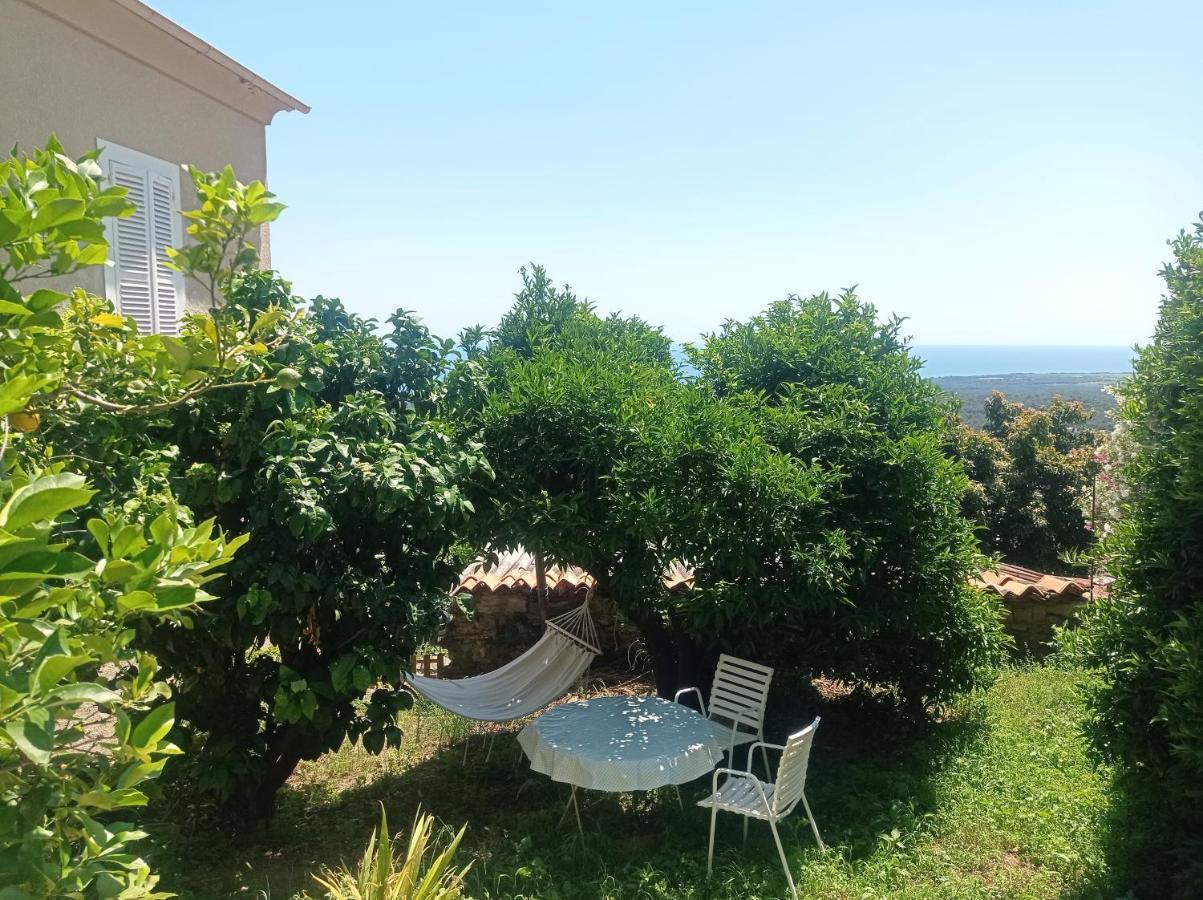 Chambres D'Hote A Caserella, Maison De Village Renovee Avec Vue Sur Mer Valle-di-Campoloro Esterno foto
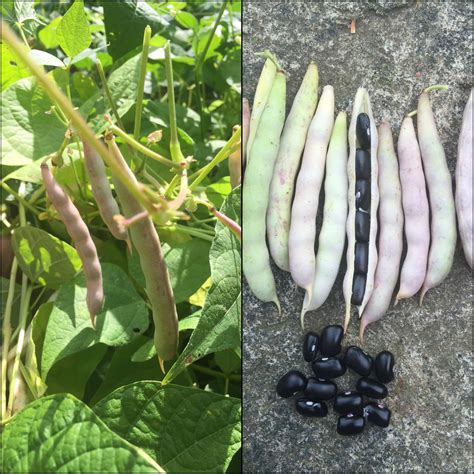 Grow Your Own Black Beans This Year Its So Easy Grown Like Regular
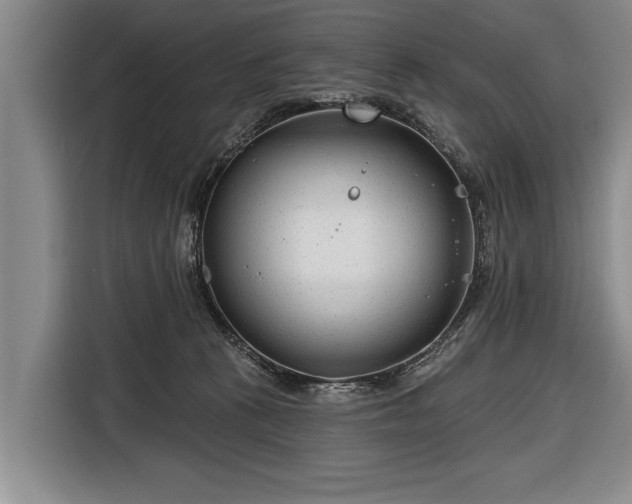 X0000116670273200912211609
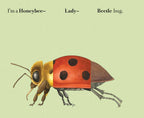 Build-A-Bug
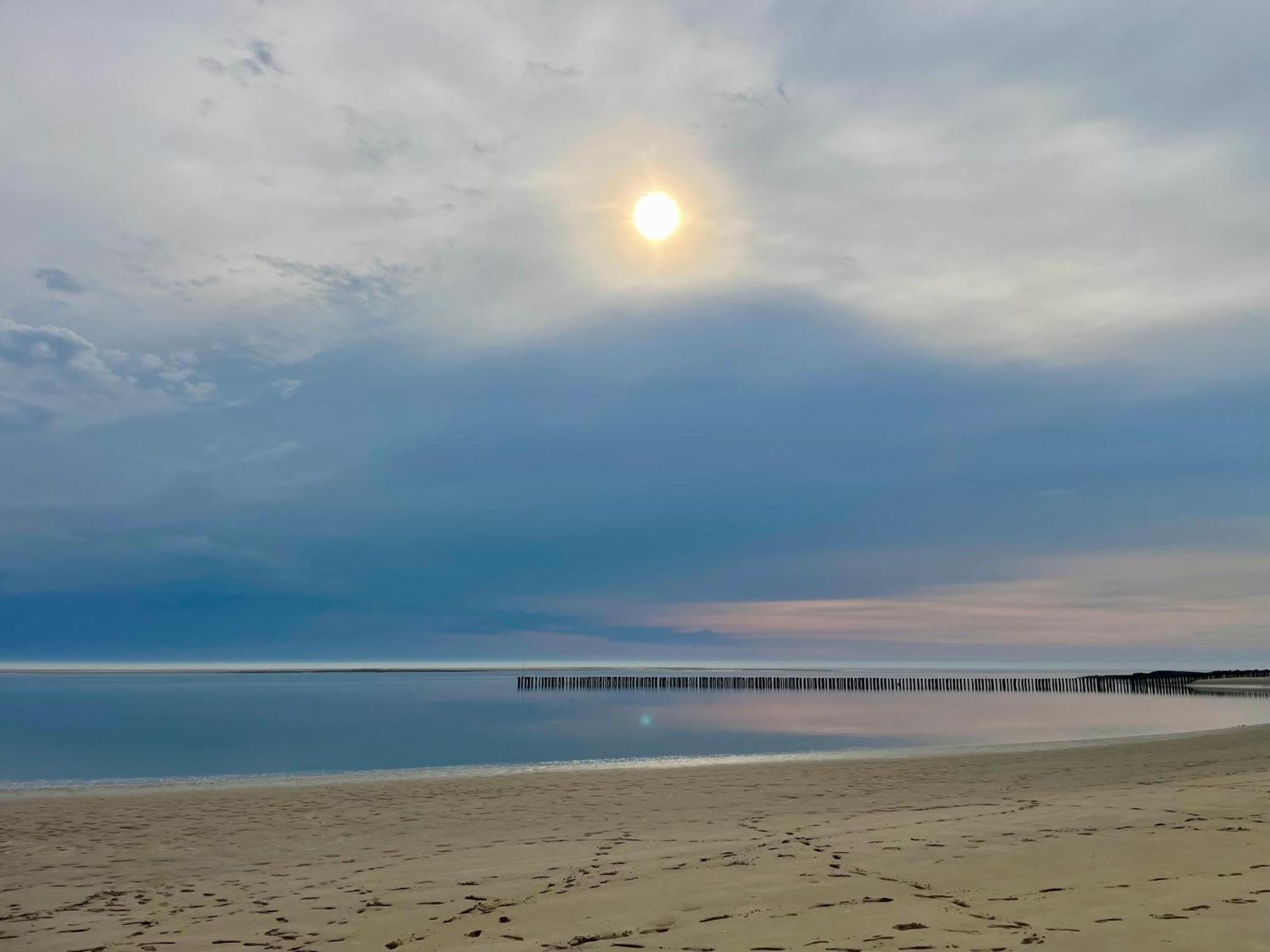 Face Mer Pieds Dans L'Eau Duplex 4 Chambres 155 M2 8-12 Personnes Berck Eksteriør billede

_Instructions to follow_: Exclude the pictures, then write out every record exactly as it stands.

_Response_:
 Chambres D'Hote A Caserella, Maison De Village Renovee Avec Vue Sur Mer Valle-di-Campoloro Esterno foto
 Grow Your Own Black Beans This Year Its So Easy Grown Like Regular
 X0000116670273200912211609
 Build-A-Bug
 Face Mer Pieds Dans L'Eau Duplex 4 Chambres 155 M2 8-12 Personnes Berck Eksteriør billede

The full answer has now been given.